IATA has also issued its first profit outlook for 2009, showing an industry net loss of USD4.1 billion, and noting, "most economies are expected to deliver even weaker economic growth next year, which will negatively impact air travel and freight". Oil prices are projected to average USD110 per barrel (USD136 for jet fuel) in 2009, while traffic growth is expected to be weak. The 2009 fuel bill is expected to rise, as hedging offers less protection, to USD223 billion, comprising 40% of operating expenses.
The good news of the recent fall in the oil price reflects the bad news of a sharp slowdown in the global economy, which is evidenced in airline traffic data. IATA revealed worldwide international passenger demand growth fell to 1.9% in Jul-08 - the lowest in five years, while capacity increased by double that, pushing the load factor down to 79.9%, down 1 percentage point.
Asia Pacific carriers reported a 0.5% reduction in passenger demand in Jul-08. IATA stated this was partly attributable to a change in Chinese visa requirements in the lead up to the Olympics, "but also [showed] that economic weakness is spreading to previously robust economies". Asia Pacific carriers also reported a worrying 6.5% reduction in cargo demand in the month, driving worldwide down 1.9% year-on-year.
As a result of the weaker economic outlook, IATA significantly revised downward its traffic forecast for domestic and international markets combined.

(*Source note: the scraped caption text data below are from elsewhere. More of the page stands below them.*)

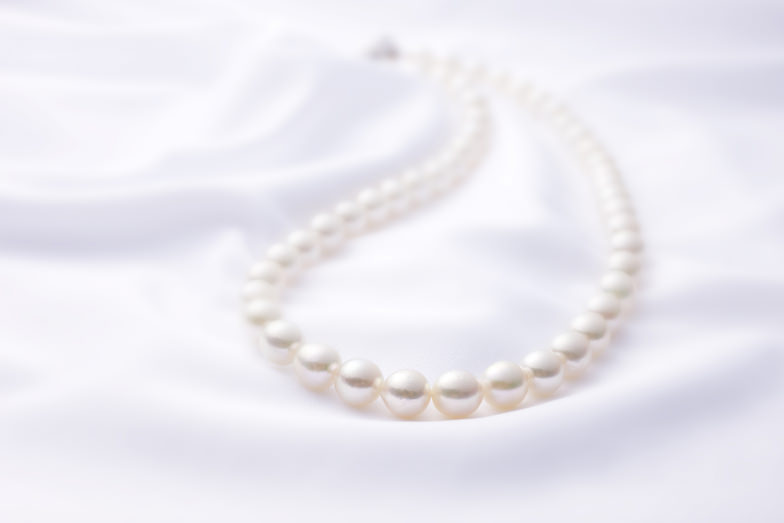 【静岡市】真珠の糸替えって？真珠のネックレスのお手入れの仕方
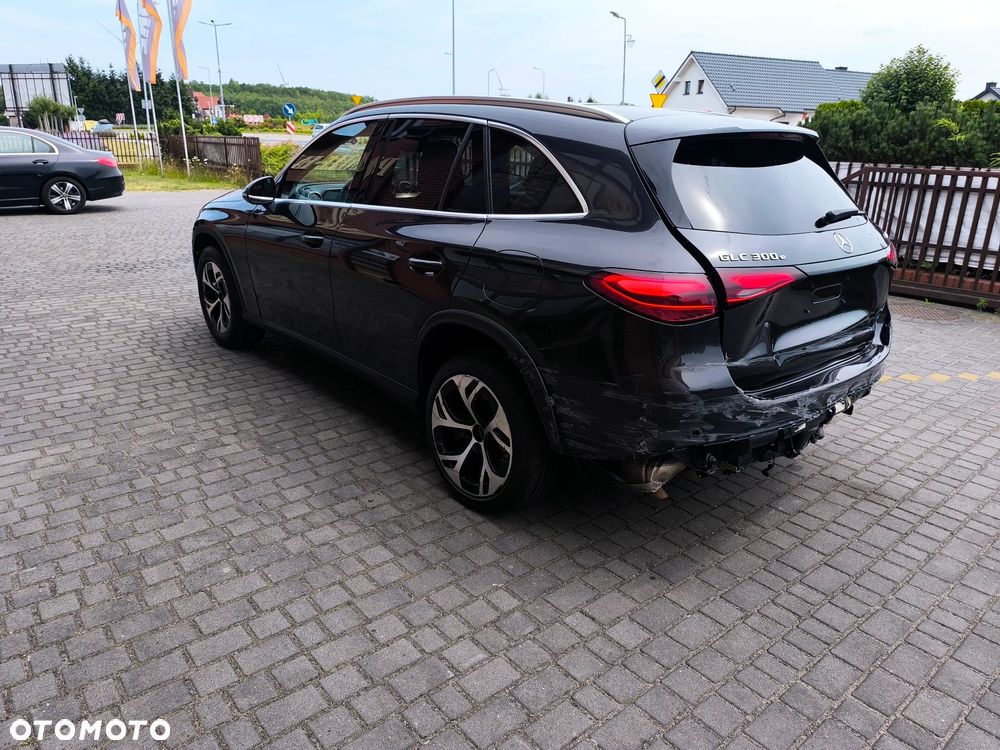 Mercedes-Benz GLC 300 e 4Matic 9G-TRONIC Edition Avantgarde - 6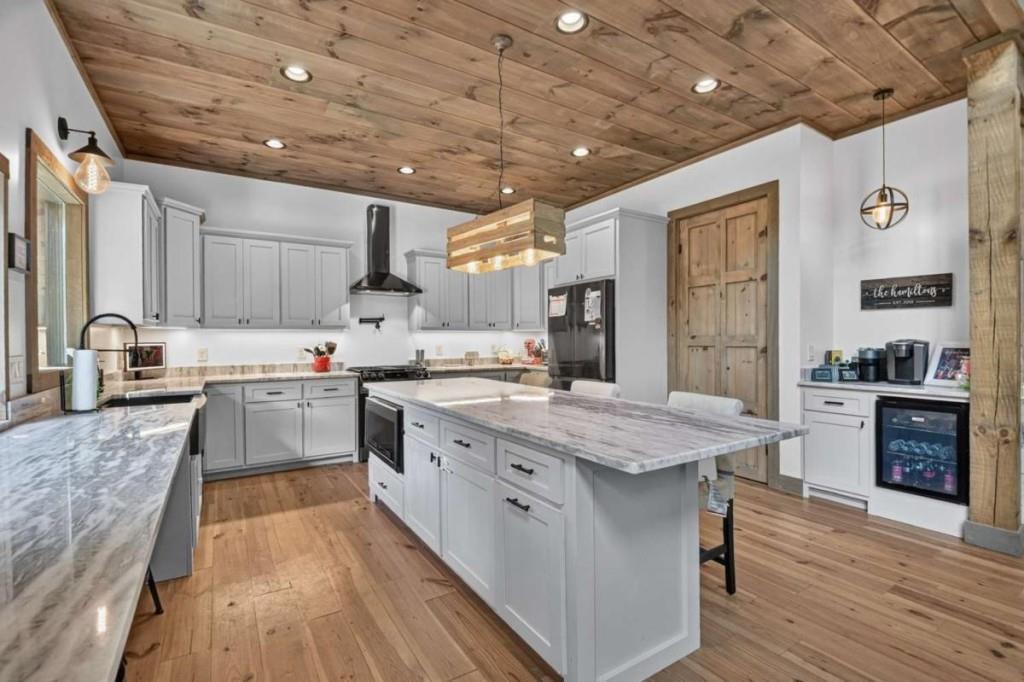 60 Hiles Hatch Lane Blue Ridge GA 30513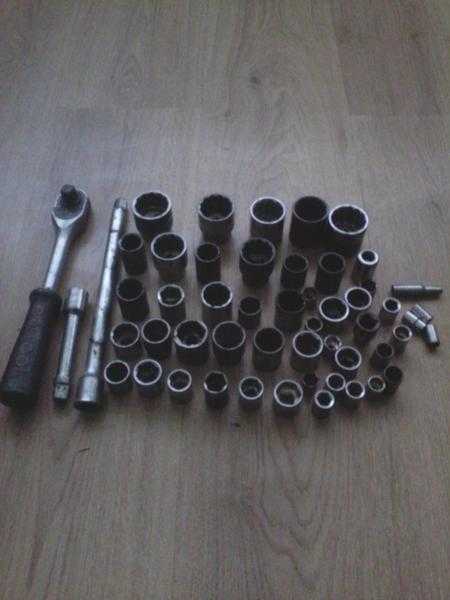 Socket set with handle and 50 sockets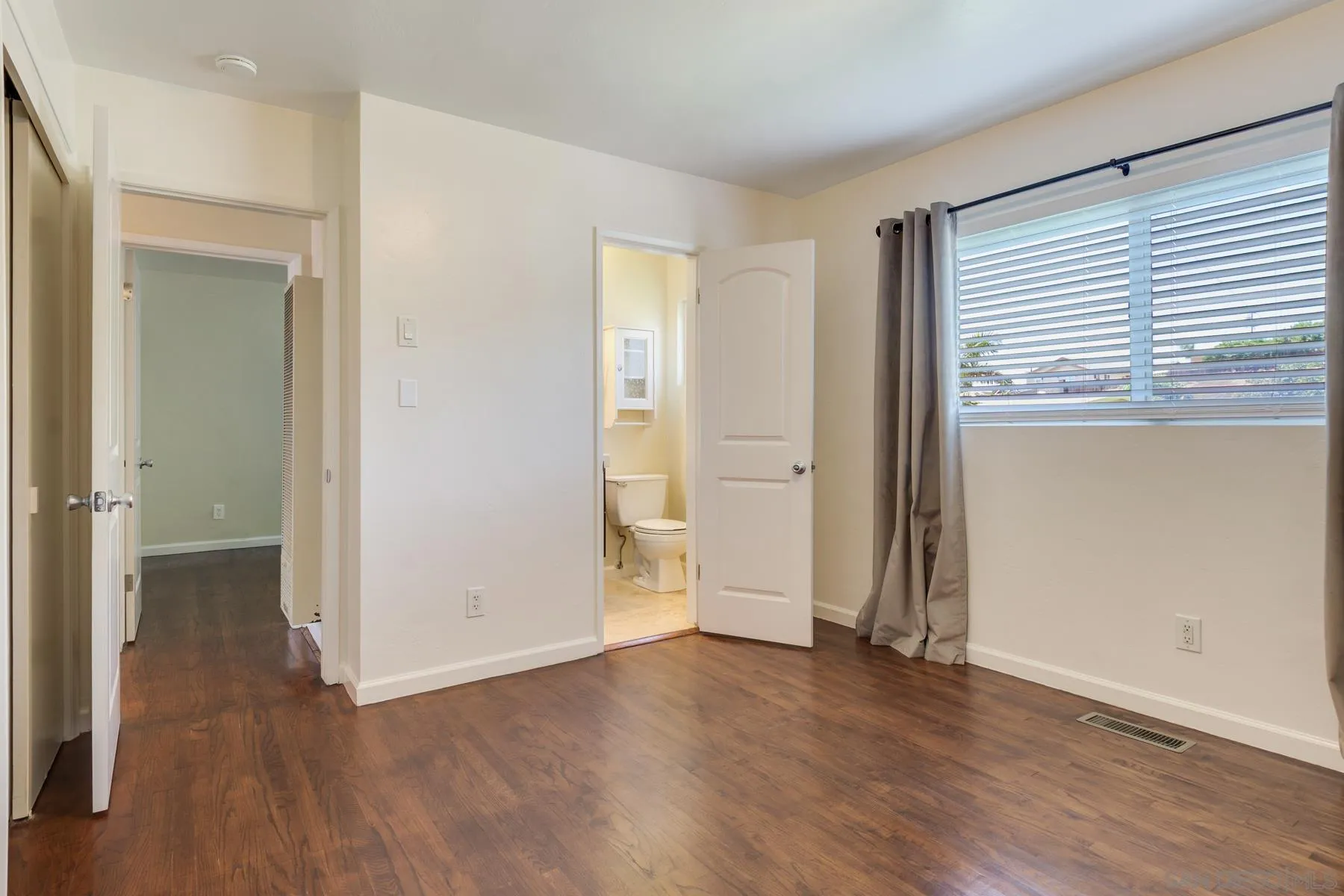https://cdn.realtyfeed.com/cdn/127/260015230/39834efa39b206956859e0e0d8298ef1.webp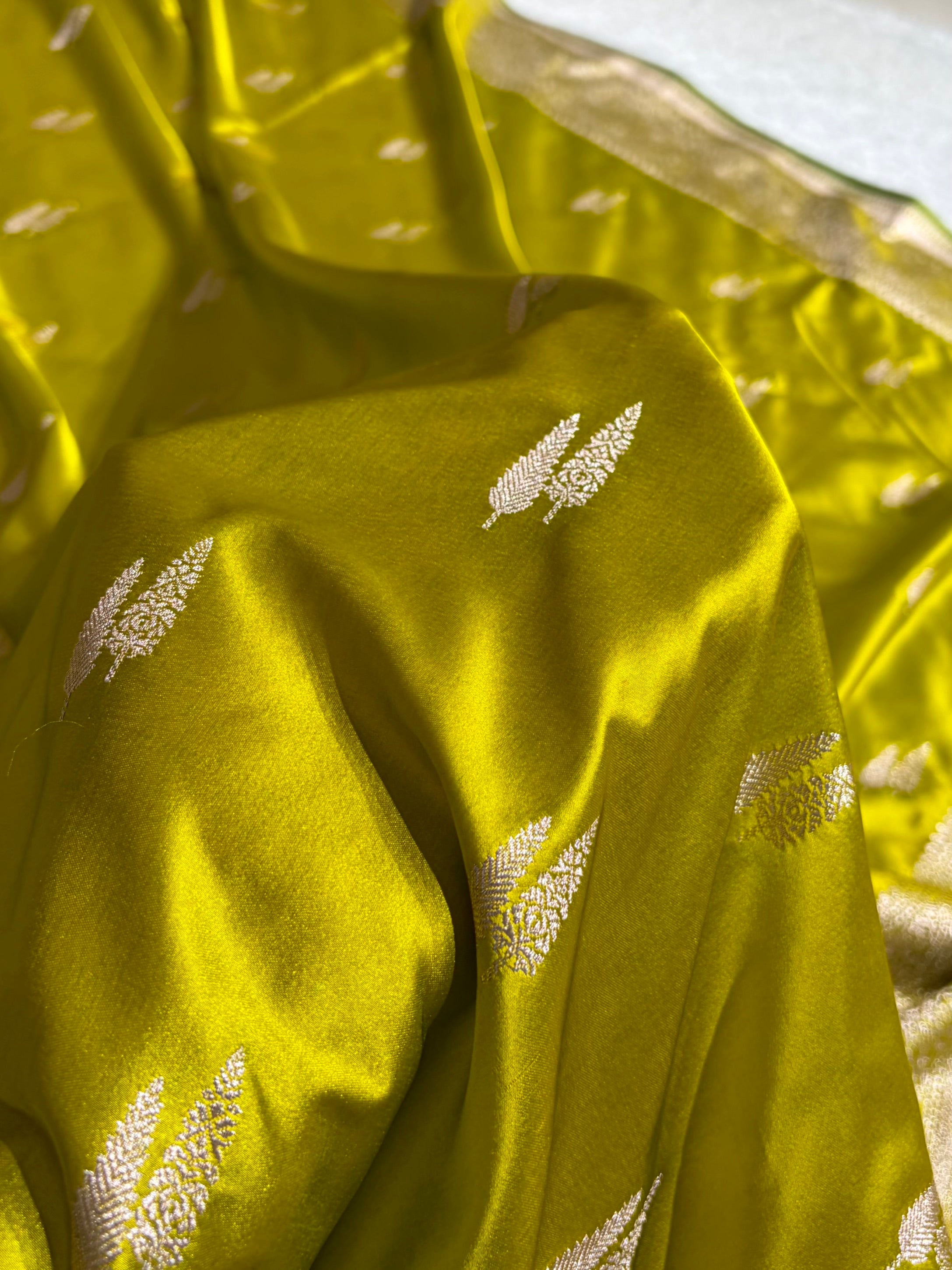 Banarasi Floral Booti Pattern in Liril Mahndi Shades Floral Mashru Silk Saree MCS102
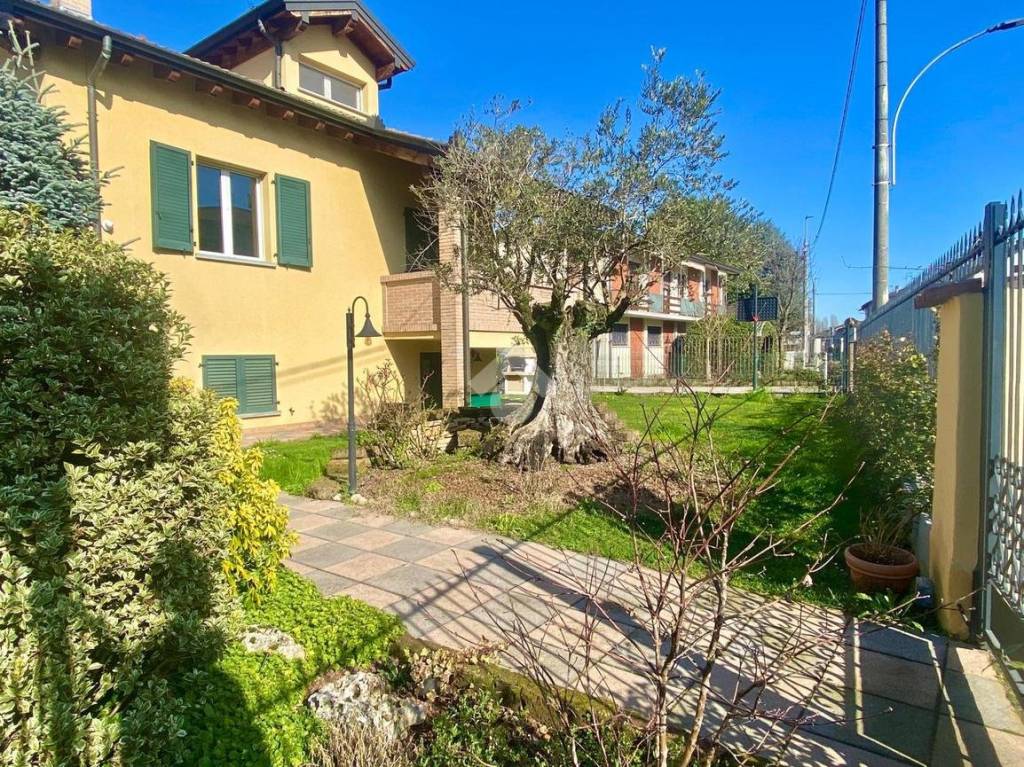 immagine annuncio 1 di 15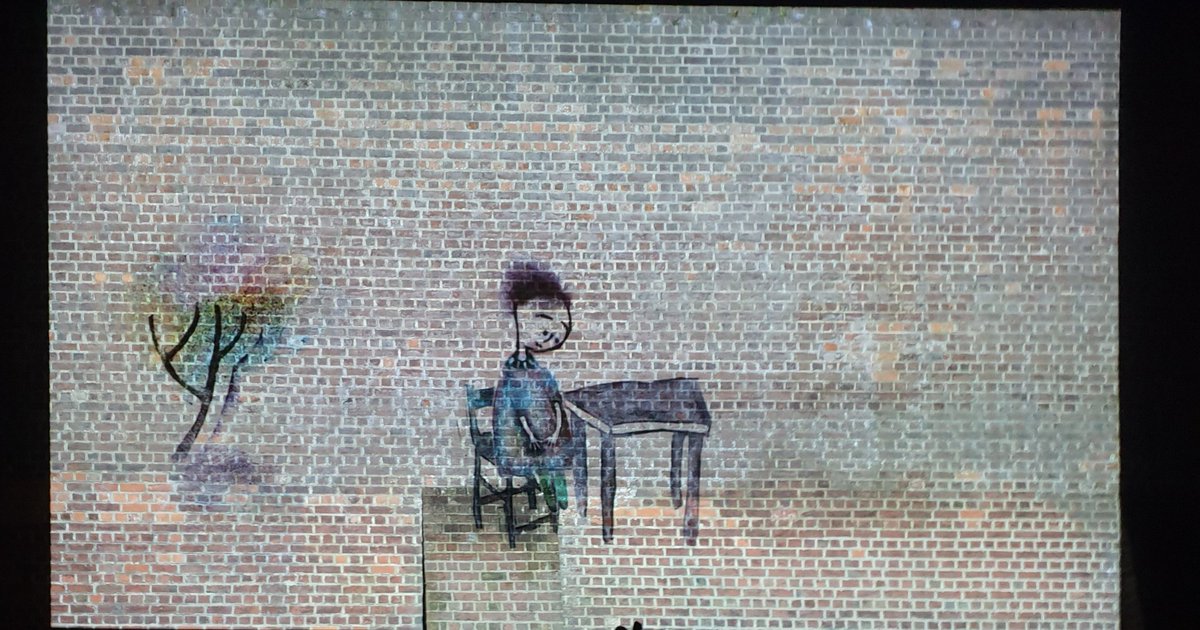 humajehan's tweet photo. Gorgeous animated story projected tonight by Linda Newcombe in Chestnut Walk tonight. #RTF2019 #ArtAfterDark https://t.co/WFb0j9a1xe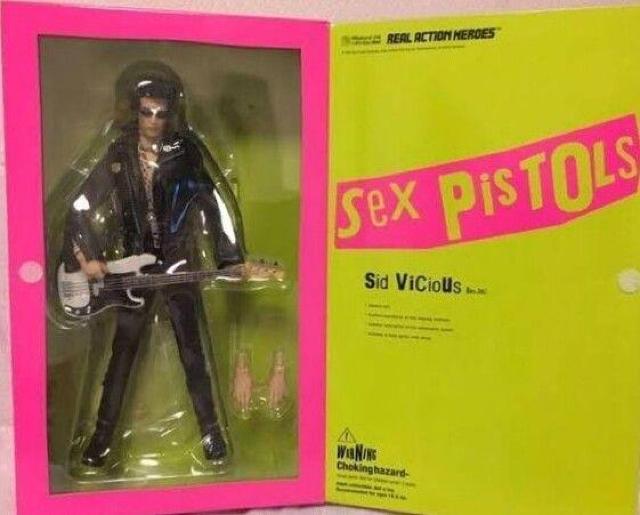 RAH シド・ビシャス セックスピストルズ 1/6ドール●新品未開封美品 長期保管品 < タレントグッズ RAH シド・ビシャス セックスピストルズ 1/6ドール●新品未開封美品 長期保管品 < タレントグッズの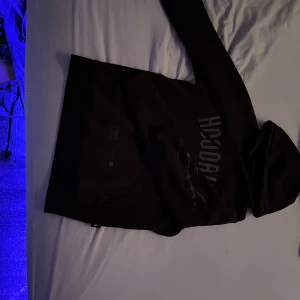 Hoodrich Tröja - Säljer en hoodrich From nothing to something i strl M, sparsamt använd skriv för mer frågor 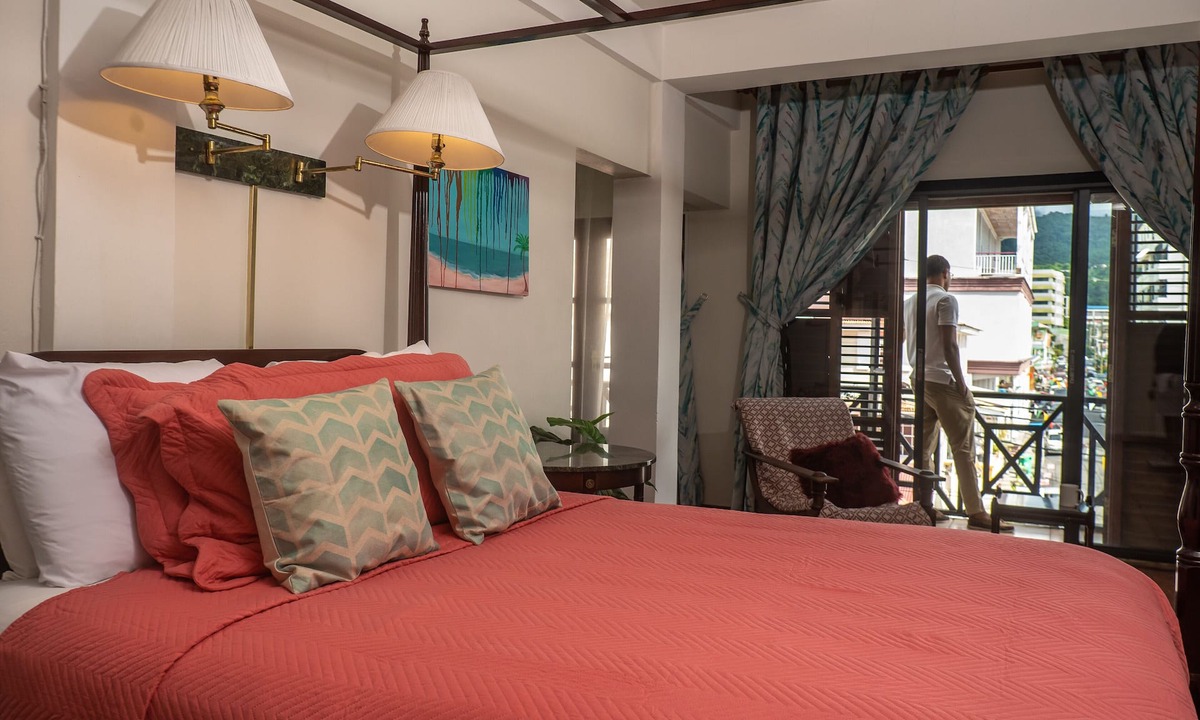 Roseau Hotel | Sutton Place Hotel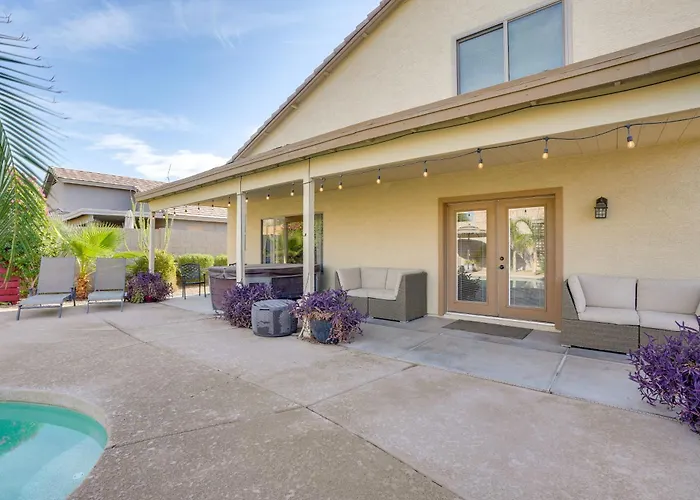 Outdoor Oasis! Phoenix-area Family Escape Ferienhaus Avondale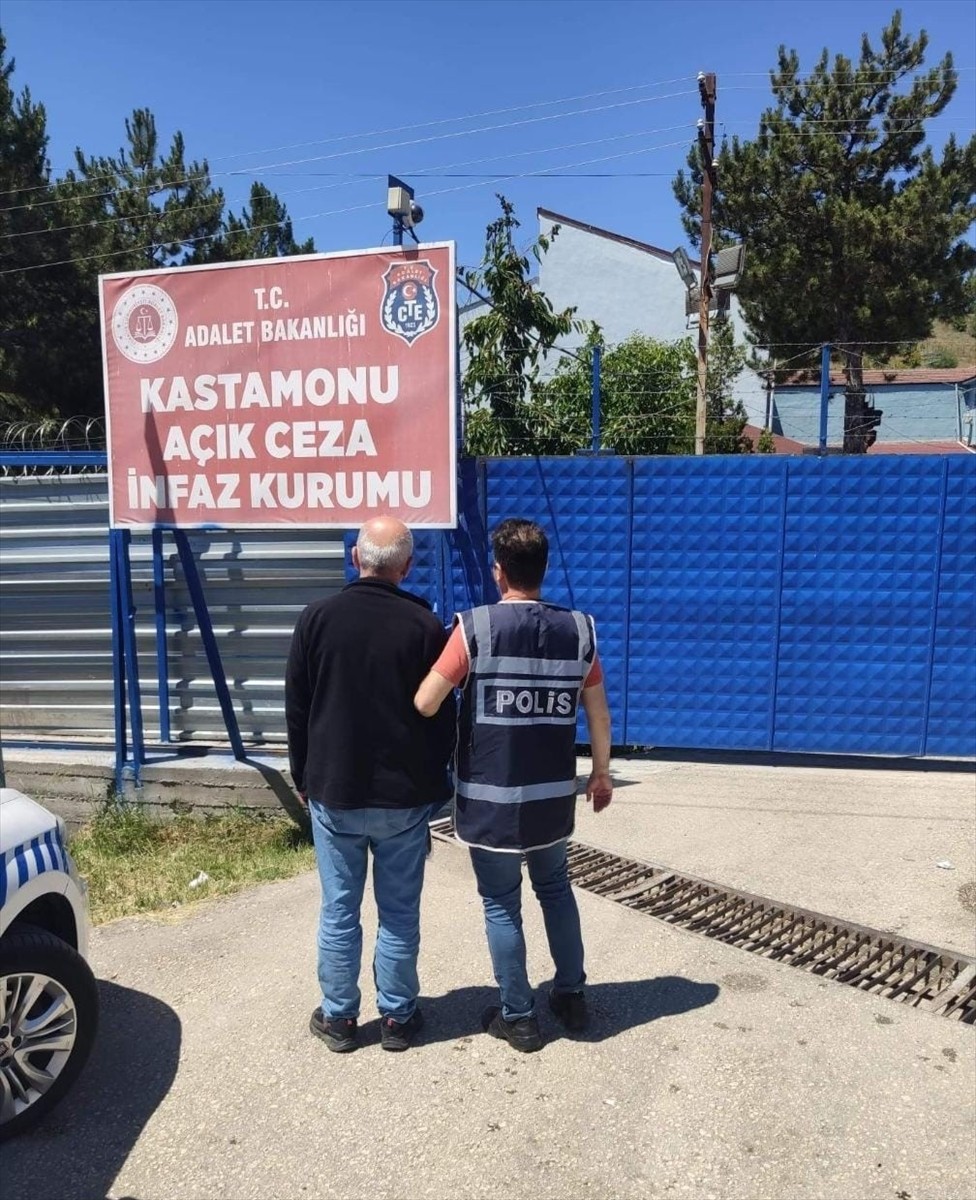 Kastamonu'nun Hanönü ilçesinde "Uyuşturucu, uyarıcı madde ticareti yapma veya sağlama" suçundan 8...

Global passenger traffic is now expected to grow on average by 3.2% (previously 3.9%) and air freight volumes by just 1.8% (was 3.9%). This is only half the pace of expansion seen in 2007.
What the report does not reflect is the fact that a combination of lower fuel costs and slowing demand offers ideas conditions for airlines with a lower cost base. If this is the direction the economy takes for a year or more, we can expect to see some significant changes in the industry's structure as we enter the next cycle.